"I am nicer than you." "No, I am nicer than you," "right, let's have a fight to see who is the nicest." And that above storyline in a nutshell is how the BofA Global Research report sees the political battle for supremacy between the US and China. Except, of course, nice isn't really the right word. Not many people would refer to China as 'nice.' Or indeed, the US, for that matter. But this is how BofA put it, "Imagine if 'wars' were fought over who could make the world a better place!"
It is something of an oxymoron, of course. You don't fight literal wars over who is being the kindest to the planet. Presumably, BofA, was using the word wars in a softer sense. Not so much tanks and bombs as dollars and yuans.
But it reckons that the "next round of political tensions between the US and China is likely to be fought over climate action."
It says that over the last decade: "China spent two times more than the US on climate action."
It's a contentious point, of course. China is also responsible for more carbon dioxide emissions than the US. Still, whether that is a fair criticism of China when you factor in the cumulative amount of carbon emissions emanating from the US, (and indeed Europe) the size of China's population and its role as the world's factory, maybe the climate case against China is a moot point.
BofA said that pressure points will be "manufacturing policies, human rights-related laws and carbon-related trade tariffs."
It added: "Let's not forget about Europe either, a leader in climate policy and home to eight of the ten of largest cleantech companies in the world. There is the potential for a four-fold increase in cleantech capacity this decade, with more money chasing companies leading the climate transition. The climate race might also bring peak oil closer as we see further headwinds in fossil fuels and traditional autos."
Of course, it's not just about saving the planet. As BofA said: "We believe climate strategies offer a route to global supremacy, as much more is at stake here: the economic impact of climate could reach $69 trillion this century, and energy transition investment needing to rise to four trillion per year. Energy independence and supply chain control are also at stake with the geopolitical balance of power and peak oil in 2030.
So what are the opportunities for China, the US and Europe?
BofA said: "China's wind and solar capacity is set to increase three times and four times respectively, by 2030, versus two times and three times in the US."
It's a similar tale with batteries for electric cars. It expects China's production of batteries to quadruple by 2030, but only see a three-find rise in the US. Although, given how learning rates work and spill over into economic impact, Techopia suspects that it underestimates the growth in batteries on both sides of the Pacific — and indeed on both sides of the Atlantic.
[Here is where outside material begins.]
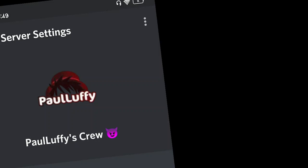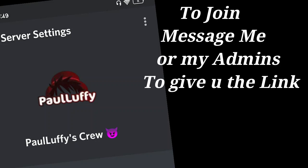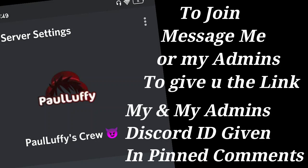Hello everyone. As you know, yesterday I made a video about how I deleted my Discord server due to some reasons — let's not talk about that.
But it said: "Whilst US-China relations have been at the forefront of the geopolitical stage in the past decade, Europe fell behind. But this looks set to change as Europe is already a leader in climate policy, with 70 per cent of ESG mutual fund assets, the most advanced green regulation and a significant head-start on decarbonisation. As a result, climate wars could facilitate a European revival. Already, 8/10 largest global cleantech companies are European today."
And what does this mean?
"The net result is likely to be more money chasing companies leading the climate transition, while climate laggards could face financing hurdles or lower valuations."